4, HOW MACROECONOMETRICS FAILED (TWICE)
In recent years, the methods of quantitative theory have become an
increasingly used tool in applied research in macroeconomics. This
growth results from two very different historical episodes during which
macroeconometrics failed, though for very different reasons. In the
first of these episodes, econometric practice was subject to too little
discipline from economic and econometric theory in the development of
large-scale macroeconometric models. While the behavioral equations were
sometimes motivated by a prevailing economic theory, in practice
generous incorporation of lags and dummy variables gave rise to
essentially unrestricted empirical specifications. As a result, most
models fit the historical data very well, even though they had much more
modest success in short-term forecasting. In the second of these
episodes, econometric practice was subject to too much discipline from
economic and econometric theory: rational expectations econometrics
produced tightly restricted dynamic macroeconomic models and concluded
that no models fit the data very well.
Keynesian Econometrics: The Promise
The research program of Koopmans and his coworkers at the Cowles
Foundation, as reported in Hood and Koopmans (1953), provided a formal
structure for Keynesian macroeconometrics, the dynamic simultaneous
equations model. This econometric structure utilized economic theory in
a very important manner: it stressed that theory could deliver the
exclusion restrictions that were necessary for identification of the
behavioral parameters. Initially, the Keynesian macroeconometric models
were of sufficiently small scale that they could be readily studied by
other researchers, like those of Klein (1950) and Klein and Goldberger
(1955).

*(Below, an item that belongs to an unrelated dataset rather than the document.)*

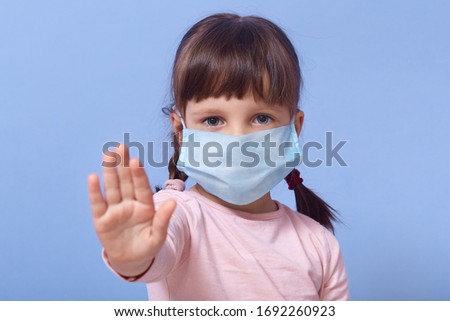Close up portrait of caucasian little girl wearing medical face mask and making stop sign with her palm. Social distancing, self isolation, coronavirus, covid 19, virus, epidemic, pandemic concept.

Klein's (1950) work is particularly notable in terms of its
insistence on developing the relevant behavioral theory for each
structural equation. The promise of Keynesian macroeconometrics was that
empirical macroeconomic models were to be a research laboratory, the
basis for systematic refinement of theoretical and empirical
specifications. They were also to be a device for concrete discussion of
appropriate policy actions and rules.
Keynesian Econometrics: The Failure
By the mid-1970s, the working Keynesian macroeconometric models had
evolved into extremely large systems; this growth occurred so that their
builders could readily answer a very wide range of questions posed by
business and government policymakers. In the process of this evolution,
they had strayed far from the promise that early developments had
suggested: they could not be readily studied by an individual researcher
nor was it possible to determine the components of the model that led to
its operating characteristics. For example, in response to most policy
and other disturbances, most models displayed outcomes that cycled for
many years, but it proved difficult to understand why this was the case.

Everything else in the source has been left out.